/sensu_dell

Dell Server Sensu Plugin

Primary LanguageRubyOtherNOASSERTION

sensu_dell

This is a Sensu check (dell_check.rb) designed to verify status of several components of a dell server.
This removes the need to have NRPE (Nagios) installed and wrapping a Perl script which wraps openmanage. Yo dawg, I heard you like wrapping..

Requirements

This requires Dell Openmanage is installed. The command omreport must be in your path, or you can set a default binary path within a json blob.
Example: /etc/sensu/conf.d/dell_check.json

{ "dell_check": { "binpath":"/path/to/openmanage"} }

Installation

Copy dell_check.rb to a friendly Sensu check execution path on all target assets.

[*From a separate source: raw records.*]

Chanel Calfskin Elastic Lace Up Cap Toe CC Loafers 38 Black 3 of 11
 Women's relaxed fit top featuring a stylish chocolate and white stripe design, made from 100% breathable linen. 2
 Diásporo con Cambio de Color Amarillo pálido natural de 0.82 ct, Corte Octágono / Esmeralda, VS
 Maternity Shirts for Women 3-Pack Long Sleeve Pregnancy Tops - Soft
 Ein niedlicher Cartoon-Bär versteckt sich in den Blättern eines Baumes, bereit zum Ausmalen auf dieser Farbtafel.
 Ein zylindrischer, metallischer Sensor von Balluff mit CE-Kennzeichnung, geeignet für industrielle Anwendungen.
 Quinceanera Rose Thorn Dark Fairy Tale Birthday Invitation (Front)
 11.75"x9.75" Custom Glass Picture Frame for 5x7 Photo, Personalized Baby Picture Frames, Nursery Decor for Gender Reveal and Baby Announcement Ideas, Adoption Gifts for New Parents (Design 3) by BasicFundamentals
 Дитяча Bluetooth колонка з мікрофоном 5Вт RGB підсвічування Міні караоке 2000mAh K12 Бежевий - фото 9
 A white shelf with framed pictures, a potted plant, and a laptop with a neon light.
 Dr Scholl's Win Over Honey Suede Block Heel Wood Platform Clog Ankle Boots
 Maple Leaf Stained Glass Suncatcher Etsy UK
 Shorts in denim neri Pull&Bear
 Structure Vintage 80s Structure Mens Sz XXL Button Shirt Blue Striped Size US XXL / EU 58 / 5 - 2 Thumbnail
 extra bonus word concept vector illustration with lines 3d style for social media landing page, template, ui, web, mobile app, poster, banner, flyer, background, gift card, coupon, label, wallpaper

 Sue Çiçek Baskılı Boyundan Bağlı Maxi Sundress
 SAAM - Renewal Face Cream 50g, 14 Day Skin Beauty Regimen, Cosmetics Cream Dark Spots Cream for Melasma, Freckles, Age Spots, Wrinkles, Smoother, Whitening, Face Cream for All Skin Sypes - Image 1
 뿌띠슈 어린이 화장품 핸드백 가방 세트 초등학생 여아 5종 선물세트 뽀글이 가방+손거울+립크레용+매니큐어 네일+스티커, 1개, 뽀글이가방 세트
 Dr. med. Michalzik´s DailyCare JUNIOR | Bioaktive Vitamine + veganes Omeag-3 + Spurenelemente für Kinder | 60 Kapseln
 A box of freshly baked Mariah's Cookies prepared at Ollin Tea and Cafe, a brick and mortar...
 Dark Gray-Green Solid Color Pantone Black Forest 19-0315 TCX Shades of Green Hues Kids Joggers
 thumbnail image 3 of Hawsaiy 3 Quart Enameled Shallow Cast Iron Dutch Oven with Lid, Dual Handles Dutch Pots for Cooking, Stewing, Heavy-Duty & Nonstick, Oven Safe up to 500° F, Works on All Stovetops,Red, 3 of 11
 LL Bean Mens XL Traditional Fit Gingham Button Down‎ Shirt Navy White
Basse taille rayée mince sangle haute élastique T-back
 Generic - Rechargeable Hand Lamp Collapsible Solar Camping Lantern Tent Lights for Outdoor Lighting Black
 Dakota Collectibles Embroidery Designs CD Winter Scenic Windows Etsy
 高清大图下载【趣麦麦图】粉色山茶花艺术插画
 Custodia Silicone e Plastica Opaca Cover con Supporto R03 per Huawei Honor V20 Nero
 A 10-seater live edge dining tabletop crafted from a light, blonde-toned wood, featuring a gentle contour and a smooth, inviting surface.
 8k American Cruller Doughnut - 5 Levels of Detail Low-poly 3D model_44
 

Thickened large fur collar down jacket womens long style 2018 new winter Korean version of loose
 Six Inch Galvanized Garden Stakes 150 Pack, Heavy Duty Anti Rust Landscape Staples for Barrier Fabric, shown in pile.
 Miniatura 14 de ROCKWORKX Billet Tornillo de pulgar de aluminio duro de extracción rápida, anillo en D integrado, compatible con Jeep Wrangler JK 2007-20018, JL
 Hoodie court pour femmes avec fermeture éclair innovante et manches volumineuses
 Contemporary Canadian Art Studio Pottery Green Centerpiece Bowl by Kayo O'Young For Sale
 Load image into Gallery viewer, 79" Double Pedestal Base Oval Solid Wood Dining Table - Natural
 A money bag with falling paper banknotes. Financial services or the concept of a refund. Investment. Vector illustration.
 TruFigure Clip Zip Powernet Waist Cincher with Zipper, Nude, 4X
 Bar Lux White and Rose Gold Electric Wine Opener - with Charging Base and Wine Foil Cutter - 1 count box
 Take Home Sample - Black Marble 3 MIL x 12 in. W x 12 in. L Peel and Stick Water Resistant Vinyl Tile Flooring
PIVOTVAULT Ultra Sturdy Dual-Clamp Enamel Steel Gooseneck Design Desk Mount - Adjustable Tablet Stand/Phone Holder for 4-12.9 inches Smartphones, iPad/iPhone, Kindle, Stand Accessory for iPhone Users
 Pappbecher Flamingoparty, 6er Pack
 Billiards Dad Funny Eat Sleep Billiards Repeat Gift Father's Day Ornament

mkdir -p /etc/sensu/plugins/hardware/
cp dell_check.rb /etc/sensu/plugins/hardware/dell_check.rb
chmod 755 /etc/sensu/plugins/hardware/dell_check.rb

Check Example

For instance, create check /etc/sensu/conf.d/checks/dell_memory_check.json

 {
  "checks": {
    "dell_memory_check": {
     "command": "/etc/sensu/plugins/hardware/dell_check.rb --memory",
      "subscribers": [
        "linuxhost"
      ],
      "interval": 15
    }
  }
 }

Plugin details

This initial stab at a plugin using the periodic check method that is common in Nagios and Sensu. We will eventually replace this for a local daemon that runs on an asset, and will send alarms directly through the client Sensu socket. The framework for this daemon is forthcoming, but we'd like a local alarmbot that will listen to things like hardware events or syslog messages, and fire off notification on-demand rather than on a periodic schedule (push instead of poll). We can add double-verification by including concurrent periodic polling as a point of parity with the push notifications.

Items Verified

  • storage, check the storage subsystem
  • memory, check system memory (dimms)
  • fans, check fan status
  • power, check power supplies
  • temperature, check chassis temperature sensors
  • cpu, check processors
  • voltage, check chassis/systemboard voltage sensors
  • batteries, check battery probes
  • amperage, check power consumption
  • intrusion, check for intrusion detection
  • sdcard, check removable flash media (SD cards)
  • alertlog, check alert log
  • esmlog, check the ESM log (hardware log)
  • esmhealth, check the ESM log overall health
  • servicetag, check that the service tag is sane

Example Alarms

  • Battery Warning
  • Battery Failure
  • Chassis Intrusion
  • Current Probe Warning
  • Current Probe Failure
  • Fan Warning
  • Fan Failure
  • Memory Pre-failure
  • Memory Failure
  • System Power Probe Warning
  • System Power Probe Detects A Failure
  • Power Supply Warning
  • Power Supply Failure
  • Degraded Redundancy
  • Lost Redundancy
  • Temperature Warning
  • Temperature Failure
  • Voltage Warning
  • Voltage Failure
  • Processor Warning
  • Processor Failure
  • Hardware Log Warning
  • Hardware Log Full
  • Watchdog Asr
  • Storage System Warning
  • Storage System Failure
  • Storage Controller Warning
  • Storage Controller Failure
  • Physical Disk Warning
  • Physical Disk Failure
  • Virtual Disk Warning
  • Virtual Disk Failure
  • Enclosure Warning
  • Enclosure Failure
  • Storage Controller Battery Warning
  • Storage Controller Battery Failure

License

sensu_dell is released under the MIT license, License